### Dataset entries
──────────
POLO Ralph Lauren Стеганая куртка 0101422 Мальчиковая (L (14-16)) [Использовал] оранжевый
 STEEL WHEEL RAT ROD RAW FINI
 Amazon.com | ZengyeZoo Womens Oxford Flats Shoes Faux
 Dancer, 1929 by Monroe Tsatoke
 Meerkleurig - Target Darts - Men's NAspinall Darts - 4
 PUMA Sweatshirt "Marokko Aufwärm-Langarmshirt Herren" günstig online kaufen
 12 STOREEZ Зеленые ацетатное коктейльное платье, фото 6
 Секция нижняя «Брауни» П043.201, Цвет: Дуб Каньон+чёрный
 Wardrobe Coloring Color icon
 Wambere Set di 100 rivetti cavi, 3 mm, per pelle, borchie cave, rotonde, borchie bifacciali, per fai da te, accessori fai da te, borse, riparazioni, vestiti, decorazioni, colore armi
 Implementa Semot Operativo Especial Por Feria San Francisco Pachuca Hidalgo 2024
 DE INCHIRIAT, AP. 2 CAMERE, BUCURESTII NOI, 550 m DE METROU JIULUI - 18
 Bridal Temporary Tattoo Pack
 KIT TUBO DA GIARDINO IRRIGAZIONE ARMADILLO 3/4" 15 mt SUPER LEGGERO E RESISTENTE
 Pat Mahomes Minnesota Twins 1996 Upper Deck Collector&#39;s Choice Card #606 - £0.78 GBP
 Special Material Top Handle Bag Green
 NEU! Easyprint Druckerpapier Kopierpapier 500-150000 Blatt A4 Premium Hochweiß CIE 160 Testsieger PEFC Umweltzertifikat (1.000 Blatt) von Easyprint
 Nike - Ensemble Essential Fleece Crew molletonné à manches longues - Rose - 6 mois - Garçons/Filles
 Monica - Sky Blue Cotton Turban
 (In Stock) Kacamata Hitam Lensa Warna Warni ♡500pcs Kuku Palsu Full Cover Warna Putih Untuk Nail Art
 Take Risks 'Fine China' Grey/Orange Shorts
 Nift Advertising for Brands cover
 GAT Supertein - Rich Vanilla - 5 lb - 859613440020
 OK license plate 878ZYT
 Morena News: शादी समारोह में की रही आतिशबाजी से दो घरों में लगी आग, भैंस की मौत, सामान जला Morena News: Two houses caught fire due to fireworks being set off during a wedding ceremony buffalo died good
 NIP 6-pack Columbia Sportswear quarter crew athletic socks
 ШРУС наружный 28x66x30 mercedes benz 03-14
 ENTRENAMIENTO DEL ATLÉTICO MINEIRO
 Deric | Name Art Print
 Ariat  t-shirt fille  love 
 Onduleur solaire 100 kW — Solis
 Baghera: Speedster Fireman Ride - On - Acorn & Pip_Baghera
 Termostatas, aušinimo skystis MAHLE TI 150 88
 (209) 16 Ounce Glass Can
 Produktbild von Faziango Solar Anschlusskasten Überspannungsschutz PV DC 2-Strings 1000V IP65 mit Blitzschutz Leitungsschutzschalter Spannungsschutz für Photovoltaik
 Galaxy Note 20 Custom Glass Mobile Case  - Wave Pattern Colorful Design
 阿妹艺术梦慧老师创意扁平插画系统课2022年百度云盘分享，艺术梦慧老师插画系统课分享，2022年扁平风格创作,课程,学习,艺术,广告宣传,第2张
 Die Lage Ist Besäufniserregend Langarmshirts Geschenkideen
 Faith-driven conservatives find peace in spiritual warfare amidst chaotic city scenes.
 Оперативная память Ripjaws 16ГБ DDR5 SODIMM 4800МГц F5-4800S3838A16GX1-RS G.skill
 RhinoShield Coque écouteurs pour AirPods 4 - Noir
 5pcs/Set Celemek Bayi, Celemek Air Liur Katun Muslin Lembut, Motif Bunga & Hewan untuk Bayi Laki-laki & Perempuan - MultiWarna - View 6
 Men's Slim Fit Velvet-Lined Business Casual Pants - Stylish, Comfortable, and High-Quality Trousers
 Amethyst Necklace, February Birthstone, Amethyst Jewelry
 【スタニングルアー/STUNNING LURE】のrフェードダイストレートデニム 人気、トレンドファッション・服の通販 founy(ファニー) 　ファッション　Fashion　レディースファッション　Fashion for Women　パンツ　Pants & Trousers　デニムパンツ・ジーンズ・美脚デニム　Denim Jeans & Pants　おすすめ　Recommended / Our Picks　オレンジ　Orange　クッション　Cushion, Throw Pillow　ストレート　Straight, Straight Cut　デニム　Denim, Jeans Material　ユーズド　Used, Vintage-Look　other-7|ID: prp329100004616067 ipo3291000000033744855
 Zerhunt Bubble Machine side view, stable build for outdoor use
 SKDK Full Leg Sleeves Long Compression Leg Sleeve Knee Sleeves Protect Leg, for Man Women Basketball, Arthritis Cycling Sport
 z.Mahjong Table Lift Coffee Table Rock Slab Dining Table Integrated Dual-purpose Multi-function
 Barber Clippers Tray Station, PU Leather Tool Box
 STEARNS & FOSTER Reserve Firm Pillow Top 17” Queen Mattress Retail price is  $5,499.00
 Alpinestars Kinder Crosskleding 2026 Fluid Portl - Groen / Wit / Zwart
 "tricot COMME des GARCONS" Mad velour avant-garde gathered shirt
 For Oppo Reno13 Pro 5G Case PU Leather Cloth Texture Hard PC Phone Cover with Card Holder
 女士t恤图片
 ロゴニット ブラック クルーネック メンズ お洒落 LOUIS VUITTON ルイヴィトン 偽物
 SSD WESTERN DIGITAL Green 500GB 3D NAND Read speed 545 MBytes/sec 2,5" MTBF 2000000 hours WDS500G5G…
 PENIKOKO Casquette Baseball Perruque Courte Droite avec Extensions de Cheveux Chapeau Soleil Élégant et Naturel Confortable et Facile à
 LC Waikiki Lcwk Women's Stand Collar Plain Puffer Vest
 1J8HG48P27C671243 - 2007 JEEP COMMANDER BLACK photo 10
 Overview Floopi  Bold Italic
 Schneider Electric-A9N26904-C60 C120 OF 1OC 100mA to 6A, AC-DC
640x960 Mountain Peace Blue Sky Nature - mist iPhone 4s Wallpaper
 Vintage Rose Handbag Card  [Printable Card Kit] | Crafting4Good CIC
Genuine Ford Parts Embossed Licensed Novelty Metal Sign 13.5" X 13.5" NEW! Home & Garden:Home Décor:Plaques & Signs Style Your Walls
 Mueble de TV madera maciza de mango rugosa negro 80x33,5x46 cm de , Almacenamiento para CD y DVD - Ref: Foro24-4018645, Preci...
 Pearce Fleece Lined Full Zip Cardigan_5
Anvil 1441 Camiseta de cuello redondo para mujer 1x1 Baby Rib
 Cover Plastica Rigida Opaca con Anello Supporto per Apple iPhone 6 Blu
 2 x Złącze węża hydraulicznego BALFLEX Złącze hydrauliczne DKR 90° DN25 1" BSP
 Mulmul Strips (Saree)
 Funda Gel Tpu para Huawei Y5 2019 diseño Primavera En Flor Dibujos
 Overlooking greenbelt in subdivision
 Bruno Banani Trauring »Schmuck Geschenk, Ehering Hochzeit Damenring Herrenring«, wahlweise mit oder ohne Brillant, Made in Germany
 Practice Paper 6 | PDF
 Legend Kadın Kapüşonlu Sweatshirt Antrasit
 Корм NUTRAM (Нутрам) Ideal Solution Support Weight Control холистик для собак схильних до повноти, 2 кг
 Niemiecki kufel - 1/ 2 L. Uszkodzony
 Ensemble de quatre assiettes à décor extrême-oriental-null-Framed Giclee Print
──────────
### WHAT THIS TASK INVOLVES
Your output must contain exactly the lines from the one containing "Mulmul Strips (Saree)" to the final line of the data above, and no other text.

### ANSWER SECTION
 Mulmul Strips (Saree)
 Funda Gel Tpu para Huawei Y5 2019 diseño Primavera En Flor Dibujos
 Overlooking greenbelt in subdivision
 Bruno Banani Trauring »Schmuck Geschenk, Ehering Hochzeit Damenring Herrenring«, wahlweise mit oder ohne Brillant, Made in Germany
 Practice Paper 6 | PDF
 Legend Kadın Kapüşonlu Sweatshirt Antrasit
 Корм NUTRAM (Нутрам) Ideal Solution Support Weight Control холистик для собак схильних до повноти, 2 кг
 Niemiecki kufel - 1/ 2 L. Uszkodzony
 Ensemble de quatre assiettes à décor extrême-oriental-null-Framed Giclee Print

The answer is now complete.